Enforcing best behaviour

A year on from the introduction of the Code of Conduct for Councillors, The Northern Ireland Chairman of the National Association of Councillors, Councillor Charlie Casey discusses its implementation.

Introduced last year, the Northern Ireland Local Government Code of Conduct for Councillors provides a new ethical standards framework for councillors. The introduction of the code has been welcomed by the Chairman of the National Association of Councillors, Charlie Casey who notes that it ‘has forced councillors to behave in an appropriate manner.’

The code, issued by the Department of the Environment includes rules on councillors’ general conduct, the registration of interest and the decision making process. It also requires councillors to observe the principles of respect, openness and accountability. Prior to the code’s introduction, councillors had their own interpretation of what was deemed an insult and what was regarded as a light hearted joke between colleagues. However, as Casey notes the introduction of the code has changed that.

“The code now takes that interpretation out of the hands of individual councillors and forces them to behave in the chamber,” states Casey. “Minutes are now properly recorded and reviewed so councillors have to be careful about what they say and do.”

Restrictions

While councillors are entitled to privacy in their personal lives and many of the code’s provision only apply when acting in the role of councillor, there are times when a councillor’s behaviour in their private life can impact upon the reputation and integrity of the council. Specifically, the code applies when a councillor ‘acts, claims to act or gives the impression that they are acting in the role of councillor.’ This clause means a councillor has to be switched on at all times. Using the example of having coffee with his wife in a café, Casey notes how if a customer approaches him to discuss a council matter the code applies. “I have to be switched on every time I cross the threshold of my front door so the code can be intrusive,” Casey admits.

Casey is also concerned about the code’s requirement for councillors to express their interest in any private club, society or association operating within their council district. He fears this clause may prevent councillors from carrying out duties expected of them by the electorate. “This provision doesn’t stop a councillor from doing their job, what it does have the potential to do is restrict councillors from discussing an issue that may be relevant to their local communities,” states Casey. “In the past we have been lobbied by groups and now we have to declare an interest if that happens. This can be a bad thing as councillors rely on getting elected every four years and if the people who vote for them find them unable to speak up, then they won’t vote for that councillor again,” he adds.

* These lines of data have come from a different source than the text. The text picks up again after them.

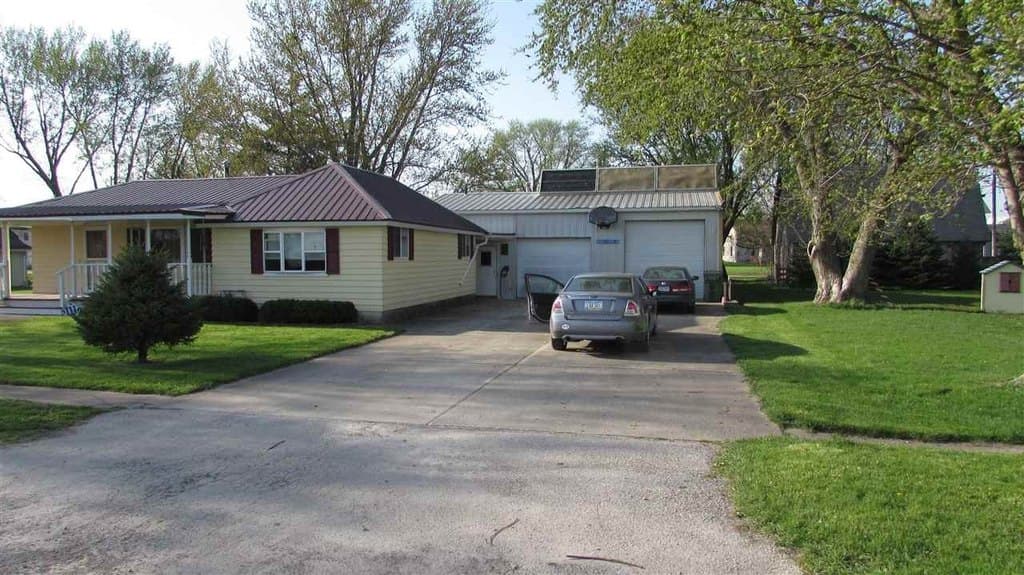 2 bedroom house for sale at 119 1st St Atalissa - $169,900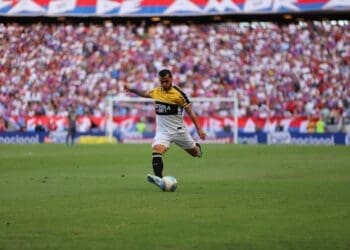 Criciúma consegue efeito suspensivo e terá lateral Trauco disponível para confronto contra o Vasco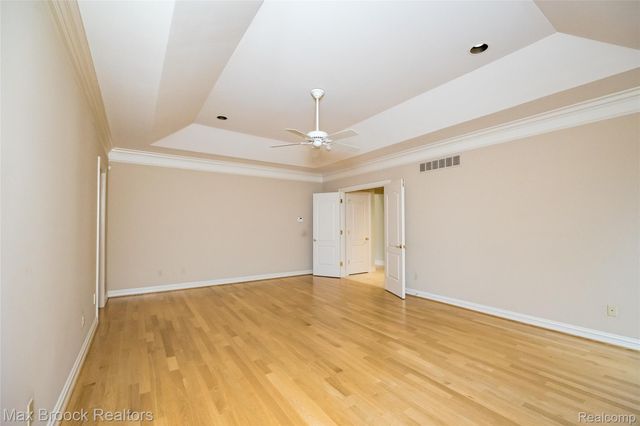 52221 Chickadee, Utica, MI 48315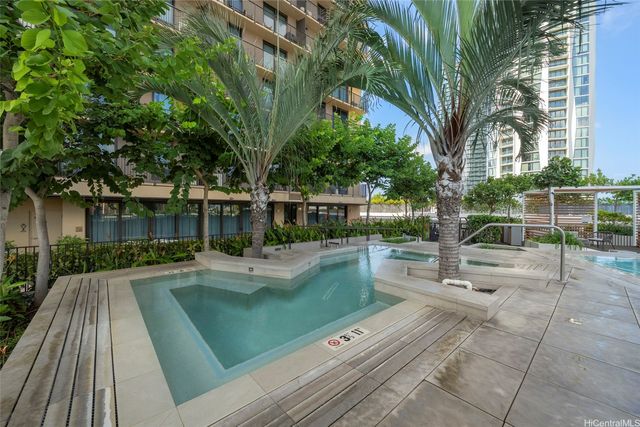 987 Queen Street 2809, Honolulu, HI 96814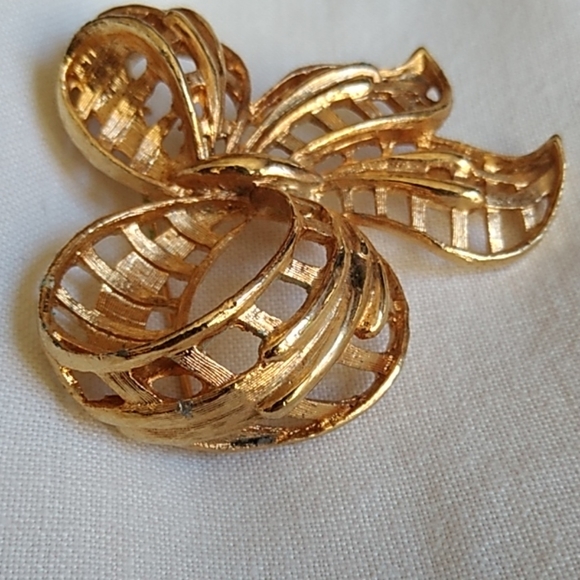 Vintage Coro Gold Bow Pin Stamped - Picture 2 of 6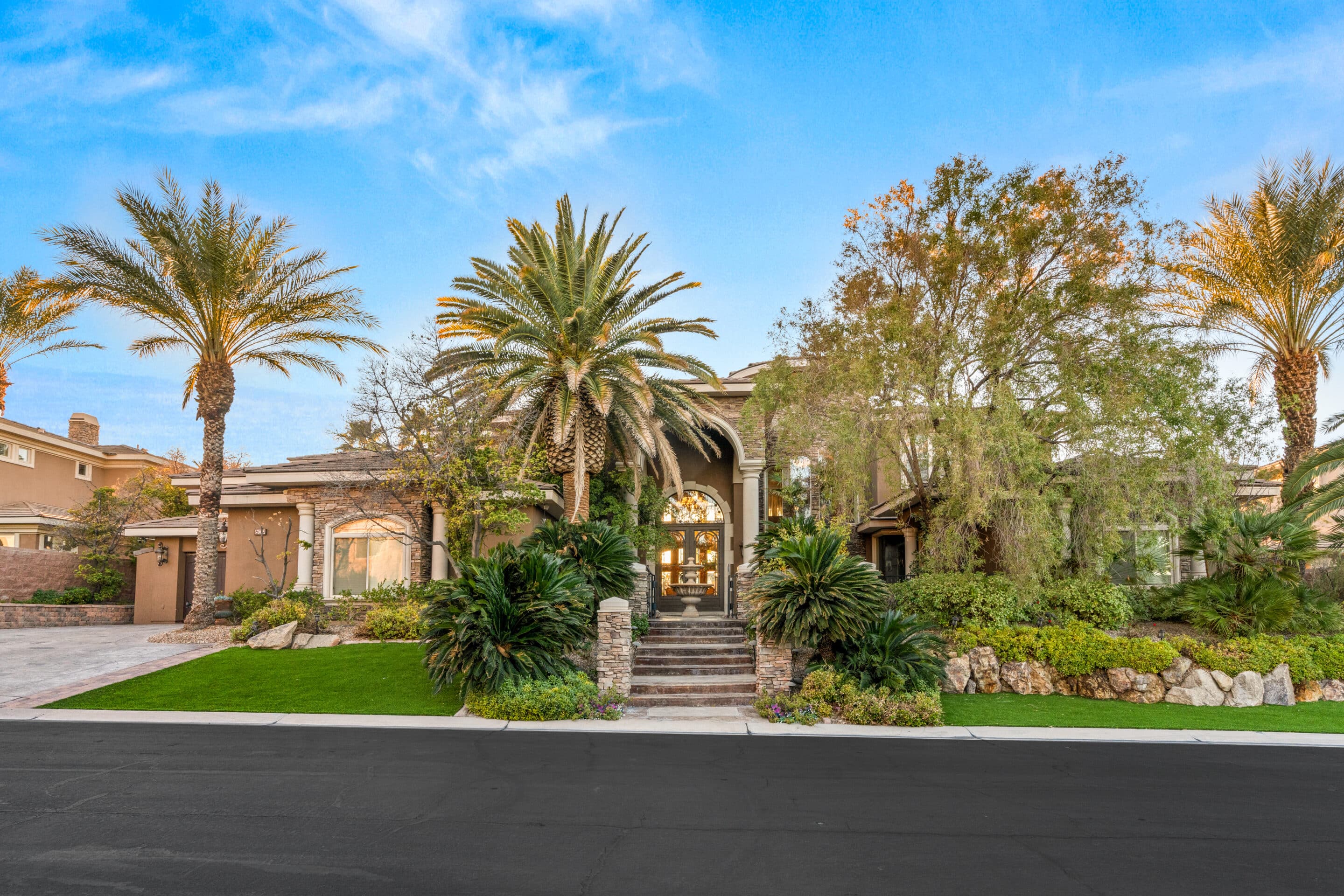 Custom Home Builders in Las Vegas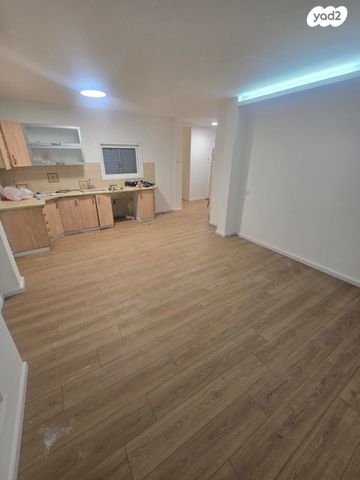 דירה, פרלשטיין, לב העיר, בת ים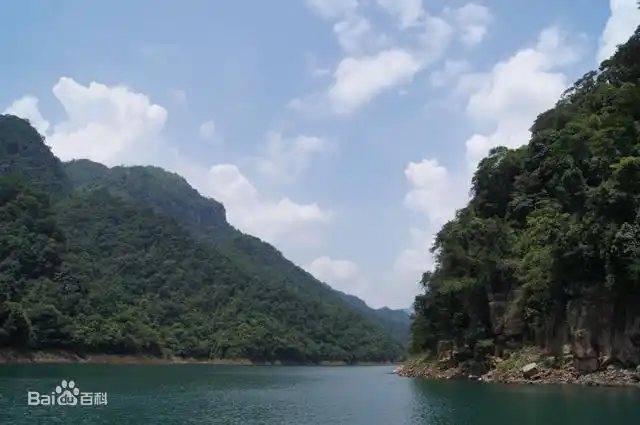 广东英德国家森林公园,位于广东省清远市英德市,在北江中游,地处南岭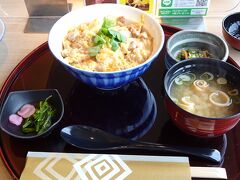 売店、レストラン、ここも充実してました。近江牛、ブラックバスなどなど、ご当地物メニューが充実しています。
近江地卵の親子丼を注文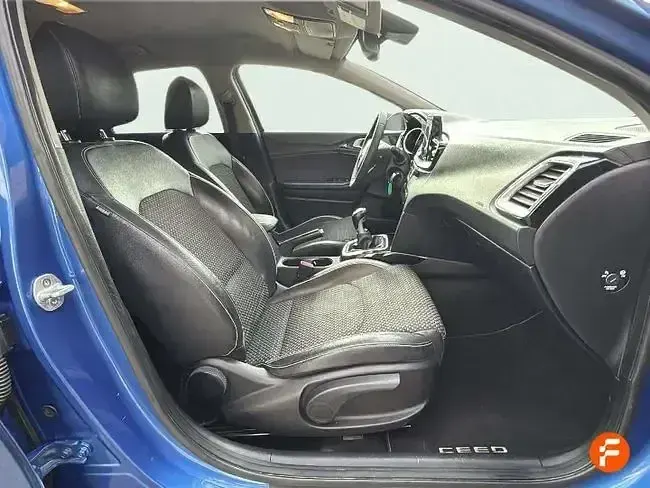 Usado Kia Ceed 140 CV (102 kW) 2019 Azul Utilitario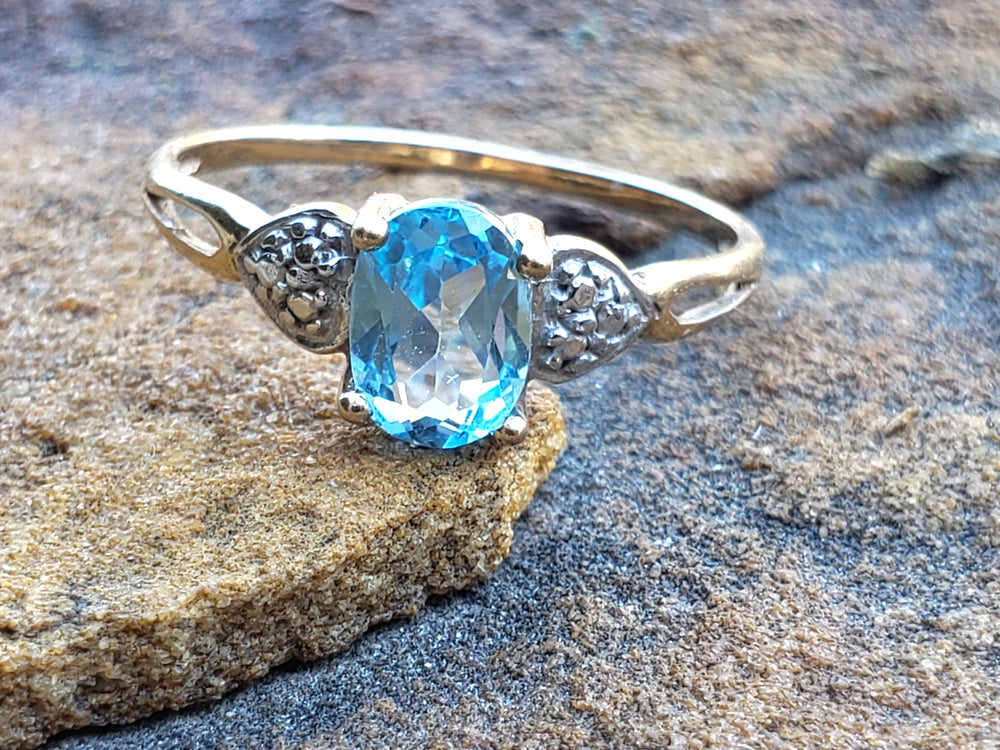 Blue Topaz Ring / December Birthstone Ring / Sky-Blue Topaz ring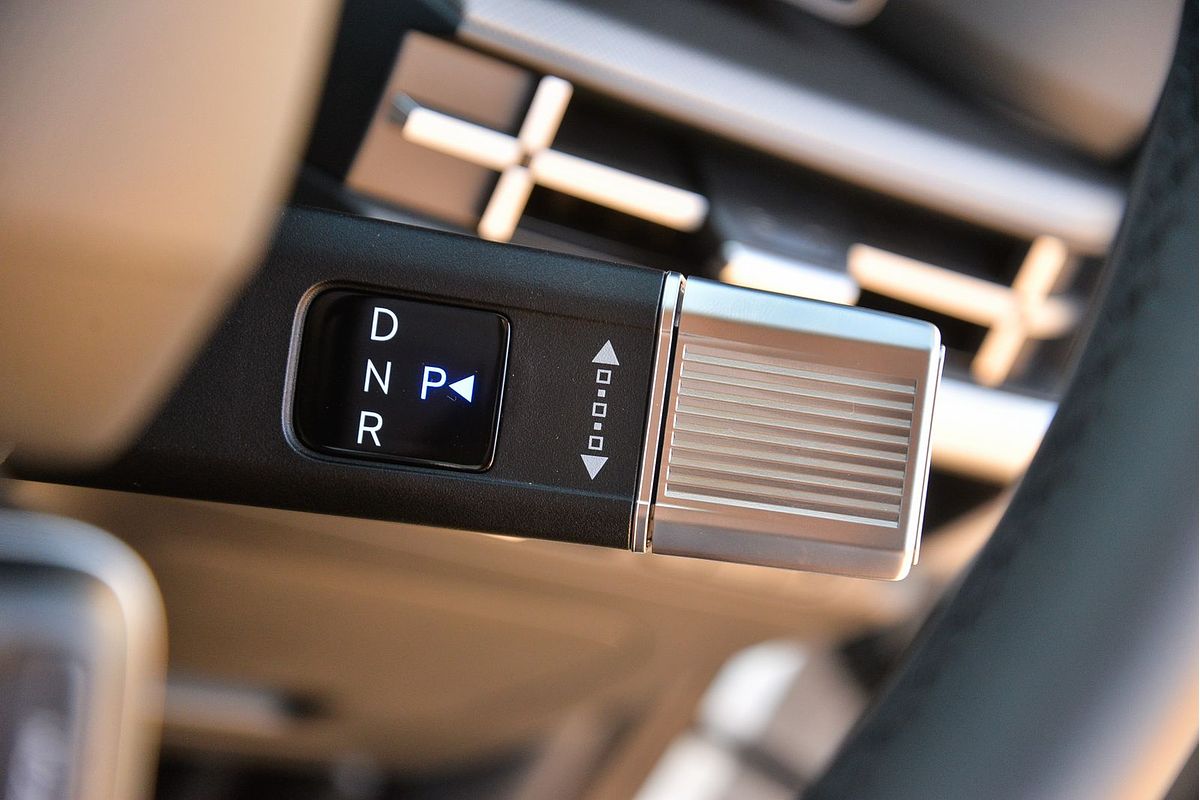 2025 Hyundai Santa Fe Hybrid Elite MX5.V2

The code of conduct gives the Northern Ireland Ombudsman the authority to investigate and where appropriate adjudicate on written allegations that a councillor has, or may have, failed to comply with the code. There is therefore no restriction on who can complain about a councillor’s conduct, nor is there any requirement for a complaint to be made to the relevant council in the first instance. The Ombudsman’s adjudication is final and councillors can only appeal a decision on a point of law.

Casey wants to see a broader right of appeal for councillors and a streamlining of the investigation process. “One of our members had a case brought against them and it took a long time for the verdict to be reached,” Casey says. “In the end, the councillor in question was found not to have broken the code and during the process she couldn’t defend herself. Even after the Ombudsman reached a verdict she still wasn’t allowed to discuss the issue or make anyone aware of the facts of the case. There is no right of appeal except for a costly legal challenge. A resolution panel where a councillor could sit in front of the Chief Executive would be beneficial.”

While Casey is supportive of the concept and principles of the code, he is eagerly anticipating the publication of the review currently being carried out by the Department of the Environment. “The minister has yet to publish the result of the review and it could be that he will now wait until after the election before it is published,” states Casey. “I am happy with the code but I do have some reservations and I look forward to the publication of the review. I intend to study it in-depth and will be able to make a better judgement about the future of the code then.”

 

More still to do

Ultimately, while the code is a sign of the progress local government is making in relation to its transparency, an investigation by The Irish News highlights the fact there is still some way to go before councillors adhere to its full requirements. In a detailed analysis of council and company records the paper found that hundreds of councillors are failing to declare property and business interests. Widespread issues with the process and oversight of declaring personal interests in general were also discovered.

Each councillor is required to complete declaration of interest forms and submit them to their council. One councillor failed to fully declare an interest in dozens of student lets in south Belfast while another holds directorships in eight different companies that were not disclosed on his declarations of interest form. Many other councillors have vague or incomplete disclosures with one councillor, asked to detail his land and property interests had simply written ‘yes’ on the form. The revelations have prompted Belfast City Council to review its procedures on councillors’ declarations after it could not say when interests were disclosed and many of the documents stored at City Hall in relation to declarations had not been dated or signed by councillors.